▶ [Work instructions] From the line with "ProBX.ca logo" to the line with "Thám tử đại", retype every line exactly, including those two, and leave out the rest of the data below.

Short web captions:
· · · · · · ·

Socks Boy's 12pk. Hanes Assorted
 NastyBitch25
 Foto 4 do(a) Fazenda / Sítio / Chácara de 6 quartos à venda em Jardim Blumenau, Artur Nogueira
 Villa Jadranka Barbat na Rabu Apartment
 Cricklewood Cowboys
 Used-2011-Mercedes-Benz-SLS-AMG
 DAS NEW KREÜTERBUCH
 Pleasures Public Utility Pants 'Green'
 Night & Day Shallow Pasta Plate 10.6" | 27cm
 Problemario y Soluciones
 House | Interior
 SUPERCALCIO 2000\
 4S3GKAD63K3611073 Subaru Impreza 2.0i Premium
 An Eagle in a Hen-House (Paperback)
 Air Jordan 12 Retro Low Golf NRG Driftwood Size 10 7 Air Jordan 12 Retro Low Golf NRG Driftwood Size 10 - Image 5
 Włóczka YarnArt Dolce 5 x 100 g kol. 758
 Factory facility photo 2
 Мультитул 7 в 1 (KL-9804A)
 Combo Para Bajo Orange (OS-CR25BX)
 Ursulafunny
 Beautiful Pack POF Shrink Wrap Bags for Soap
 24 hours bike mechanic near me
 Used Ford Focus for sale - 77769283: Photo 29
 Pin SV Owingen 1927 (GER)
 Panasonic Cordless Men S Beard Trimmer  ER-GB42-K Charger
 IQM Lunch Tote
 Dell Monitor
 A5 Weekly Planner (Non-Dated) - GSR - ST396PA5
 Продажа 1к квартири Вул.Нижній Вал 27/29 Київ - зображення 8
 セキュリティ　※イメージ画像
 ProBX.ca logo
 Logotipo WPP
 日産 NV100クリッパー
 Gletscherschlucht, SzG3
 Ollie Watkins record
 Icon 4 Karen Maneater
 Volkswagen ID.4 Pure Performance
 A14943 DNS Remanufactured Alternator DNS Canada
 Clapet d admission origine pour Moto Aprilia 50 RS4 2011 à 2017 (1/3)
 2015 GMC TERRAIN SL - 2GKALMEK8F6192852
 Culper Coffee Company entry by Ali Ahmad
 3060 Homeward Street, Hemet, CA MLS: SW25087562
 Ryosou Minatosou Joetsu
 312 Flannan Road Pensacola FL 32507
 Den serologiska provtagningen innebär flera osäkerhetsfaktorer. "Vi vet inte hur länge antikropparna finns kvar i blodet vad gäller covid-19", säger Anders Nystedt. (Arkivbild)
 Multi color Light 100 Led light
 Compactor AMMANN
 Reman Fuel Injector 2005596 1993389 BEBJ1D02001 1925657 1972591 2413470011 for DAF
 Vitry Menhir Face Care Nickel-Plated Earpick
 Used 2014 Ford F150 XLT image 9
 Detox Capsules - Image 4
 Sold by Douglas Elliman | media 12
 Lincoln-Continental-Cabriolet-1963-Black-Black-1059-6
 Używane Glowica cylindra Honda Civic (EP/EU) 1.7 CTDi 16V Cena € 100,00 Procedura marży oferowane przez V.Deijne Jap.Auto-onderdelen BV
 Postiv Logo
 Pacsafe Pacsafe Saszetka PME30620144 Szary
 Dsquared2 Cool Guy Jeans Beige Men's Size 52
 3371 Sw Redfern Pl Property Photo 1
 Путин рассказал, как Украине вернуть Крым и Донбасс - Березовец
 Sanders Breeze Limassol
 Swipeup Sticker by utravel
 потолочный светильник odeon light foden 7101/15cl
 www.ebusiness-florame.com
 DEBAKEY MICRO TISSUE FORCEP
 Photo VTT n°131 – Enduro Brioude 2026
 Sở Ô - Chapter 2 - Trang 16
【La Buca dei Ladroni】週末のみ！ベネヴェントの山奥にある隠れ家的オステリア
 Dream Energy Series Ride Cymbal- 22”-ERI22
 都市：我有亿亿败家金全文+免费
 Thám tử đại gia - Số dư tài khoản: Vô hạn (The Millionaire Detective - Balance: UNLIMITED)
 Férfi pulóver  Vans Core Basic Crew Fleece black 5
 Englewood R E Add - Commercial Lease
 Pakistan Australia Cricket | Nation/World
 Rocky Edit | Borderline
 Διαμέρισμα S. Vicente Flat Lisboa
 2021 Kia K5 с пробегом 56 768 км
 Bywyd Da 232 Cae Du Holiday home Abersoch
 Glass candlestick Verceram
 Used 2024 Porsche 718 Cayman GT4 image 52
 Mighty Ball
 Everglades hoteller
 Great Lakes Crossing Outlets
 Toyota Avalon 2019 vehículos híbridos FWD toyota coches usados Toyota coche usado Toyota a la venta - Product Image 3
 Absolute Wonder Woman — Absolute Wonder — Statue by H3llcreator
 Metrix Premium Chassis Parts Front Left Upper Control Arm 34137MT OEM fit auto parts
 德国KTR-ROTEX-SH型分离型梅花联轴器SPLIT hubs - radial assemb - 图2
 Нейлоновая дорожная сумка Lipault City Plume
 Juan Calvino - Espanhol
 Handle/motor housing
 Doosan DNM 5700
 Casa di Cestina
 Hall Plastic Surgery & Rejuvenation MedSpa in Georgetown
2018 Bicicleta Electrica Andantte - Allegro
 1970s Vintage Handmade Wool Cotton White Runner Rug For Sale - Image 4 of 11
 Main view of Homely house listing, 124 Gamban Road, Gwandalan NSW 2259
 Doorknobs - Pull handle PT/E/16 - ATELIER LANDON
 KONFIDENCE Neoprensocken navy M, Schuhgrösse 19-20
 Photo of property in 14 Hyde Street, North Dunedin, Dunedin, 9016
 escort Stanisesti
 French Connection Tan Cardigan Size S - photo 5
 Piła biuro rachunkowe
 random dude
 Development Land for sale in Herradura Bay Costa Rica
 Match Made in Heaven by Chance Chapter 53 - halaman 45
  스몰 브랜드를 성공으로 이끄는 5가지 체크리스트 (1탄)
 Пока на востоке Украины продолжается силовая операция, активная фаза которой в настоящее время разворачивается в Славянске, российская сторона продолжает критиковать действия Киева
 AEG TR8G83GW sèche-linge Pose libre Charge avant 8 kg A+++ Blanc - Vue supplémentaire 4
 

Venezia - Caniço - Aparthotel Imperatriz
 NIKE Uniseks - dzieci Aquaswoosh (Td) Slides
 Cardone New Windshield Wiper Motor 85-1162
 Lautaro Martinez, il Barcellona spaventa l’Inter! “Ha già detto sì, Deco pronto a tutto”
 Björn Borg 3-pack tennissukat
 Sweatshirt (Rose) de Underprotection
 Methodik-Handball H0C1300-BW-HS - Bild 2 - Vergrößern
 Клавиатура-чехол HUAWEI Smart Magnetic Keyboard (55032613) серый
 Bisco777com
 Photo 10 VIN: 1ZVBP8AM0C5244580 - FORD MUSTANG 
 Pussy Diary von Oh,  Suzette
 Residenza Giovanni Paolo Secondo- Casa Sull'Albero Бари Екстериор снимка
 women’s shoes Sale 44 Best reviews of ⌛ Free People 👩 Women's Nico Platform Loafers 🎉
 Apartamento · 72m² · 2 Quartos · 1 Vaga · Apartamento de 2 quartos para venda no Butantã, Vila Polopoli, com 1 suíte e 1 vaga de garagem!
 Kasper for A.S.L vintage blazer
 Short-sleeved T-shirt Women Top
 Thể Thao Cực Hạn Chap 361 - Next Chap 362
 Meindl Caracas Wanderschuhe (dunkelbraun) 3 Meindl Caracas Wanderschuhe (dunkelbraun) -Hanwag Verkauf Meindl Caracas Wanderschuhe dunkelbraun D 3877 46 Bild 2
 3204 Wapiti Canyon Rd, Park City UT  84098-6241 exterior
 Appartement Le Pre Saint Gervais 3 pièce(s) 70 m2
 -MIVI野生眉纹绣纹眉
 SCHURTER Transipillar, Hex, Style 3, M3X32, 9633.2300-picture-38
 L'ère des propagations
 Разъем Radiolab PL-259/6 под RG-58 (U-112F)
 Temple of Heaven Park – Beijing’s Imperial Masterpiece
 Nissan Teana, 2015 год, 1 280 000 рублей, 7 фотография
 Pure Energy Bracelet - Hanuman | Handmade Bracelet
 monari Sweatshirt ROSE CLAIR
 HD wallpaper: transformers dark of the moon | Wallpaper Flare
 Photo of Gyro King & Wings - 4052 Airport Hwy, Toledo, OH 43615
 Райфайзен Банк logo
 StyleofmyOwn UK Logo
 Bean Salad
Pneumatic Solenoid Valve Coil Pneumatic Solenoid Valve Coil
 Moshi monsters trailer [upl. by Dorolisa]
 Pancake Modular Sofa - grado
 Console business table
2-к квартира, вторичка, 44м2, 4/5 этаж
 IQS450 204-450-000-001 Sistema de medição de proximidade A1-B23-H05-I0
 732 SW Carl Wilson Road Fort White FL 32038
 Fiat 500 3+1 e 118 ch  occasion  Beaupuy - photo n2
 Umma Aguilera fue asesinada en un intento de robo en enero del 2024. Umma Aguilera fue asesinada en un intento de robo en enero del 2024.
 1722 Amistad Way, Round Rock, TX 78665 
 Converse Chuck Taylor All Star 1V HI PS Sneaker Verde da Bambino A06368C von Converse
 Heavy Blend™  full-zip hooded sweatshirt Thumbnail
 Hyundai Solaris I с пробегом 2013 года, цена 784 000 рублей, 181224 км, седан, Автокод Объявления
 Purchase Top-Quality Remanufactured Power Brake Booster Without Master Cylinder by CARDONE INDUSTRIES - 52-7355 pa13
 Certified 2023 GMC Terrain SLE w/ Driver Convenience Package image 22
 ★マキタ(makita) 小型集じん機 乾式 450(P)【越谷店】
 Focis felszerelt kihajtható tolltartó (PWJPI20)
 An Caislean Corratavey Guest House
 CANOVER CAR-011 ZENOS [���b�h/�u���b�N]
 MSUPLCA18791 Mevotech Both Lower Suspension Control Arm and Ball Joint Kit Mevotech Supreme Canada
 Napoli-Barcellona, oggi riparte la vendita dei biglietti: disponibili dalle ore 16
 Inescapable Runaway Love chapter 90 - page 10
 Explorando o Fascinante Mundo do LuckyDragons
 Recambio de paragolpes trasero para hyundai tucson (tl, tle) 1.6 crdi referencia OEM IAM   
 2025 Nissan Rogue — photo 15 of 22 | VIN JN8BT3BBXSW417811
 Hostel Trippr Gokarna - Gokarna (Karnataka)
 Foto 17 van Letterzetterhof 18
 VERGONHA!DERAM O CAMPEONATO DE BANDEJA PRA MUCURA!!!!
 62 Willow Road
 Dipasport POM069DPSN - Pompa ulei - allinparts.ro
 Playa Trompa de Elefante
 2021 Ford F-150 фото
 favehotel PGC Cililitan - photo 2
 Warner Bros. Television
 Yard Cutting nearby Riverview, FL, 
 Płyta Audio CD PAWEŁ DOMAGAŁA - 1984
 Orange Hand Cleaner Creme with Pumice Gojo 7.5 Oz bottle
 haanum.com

· · · · · · ·

▶ [Answer section]
 ProBX.ca logo
 Logotipo WPP
 日産 NV100クリッパー
 Gletscherschlucht, SzG3
 Ollie Watkins record
 Icon 4 Karen Maneater
 Volkswagen ID.4 Pure Performance
 A14943 DNS Remanufactured Alternator DNS Canada
 Clapet d admission origine pour Moto Aprilia 50 RS4 2011 à 2017 (1/3)
 2015 GMC TERRAIN SL - 2GKALMEK8F6192852
 Culper Coffee Company entry by Ali Ahmad
 3060 Homeward Street, Hemet, CA MLS: SW25087562
 Ryosou Minatosou Joetsu
 312 Flannan Road Pensacola FL 32507
 Den serologiska provtagningen innebär flera osäkerhetsfaktorer. "Vi vet inte hur länge antikropparna finns kvar i blodet vad gäller covid-19", säger Anders Nystedt. (Arkivbild)
 Multi color Light 100 Led light
 Compactor AMMANN
 Reman Fuel Injector 2005596 1993389 BEBJ1D02001 1925657 1972591 2413470011 for DAF
 Vitry Menhir Face Care Nickel-Plated Earpick
 Used 2014 Ford F150 XLT image 9
 Detox Capsules - Image 4
 Sold by Douglas Elliman | media 12
 Lincoln-Continental-Cabriolet-1963-Black-Black-1059-6
 Używane Glowica cylindra Honda Civic (EP/EU) 1.7 CTDi 16V Cena € 100,00 Procedura marży oferowane przez V.Deijne Jap.Auto-onderdelen BV
 Postiv Logo
 Pacsafe Pacsafe Saszetka PME30620144 Szary
 Dsquared2 Cool Guy Jeans Beige Men's Size 52
 3371 Sw Redfern Pl Property Photo 1
 Путин рассказал, как Украине вернуть Крым и Донбасс - Березовец
 Sanders Breeze Limassol
 Swipeup Sticker by utravel
 потолочный светильник odeon light foden 7101/15cl
 www.ebusiness-florame.com
 DEBAKEY MICRO TISSUE FORCEP
 Photo VTT n°131 – Enduro Brioude 2026
 Sở Ô - Chapter 2 - Trang 16
【La Buca dei Ladroni】週末のみ！ベネヴェントの山奥にある隠れ家的オステリア
 Dream Energy Series Ride Cymbal- 22”-ERI22
 都市：我有亿亿败家金全文+免费
 Thám tử đại gia - Số dư tài khoản: Vô hạn (The Millionaire Detective - Balance: UNLIMITED)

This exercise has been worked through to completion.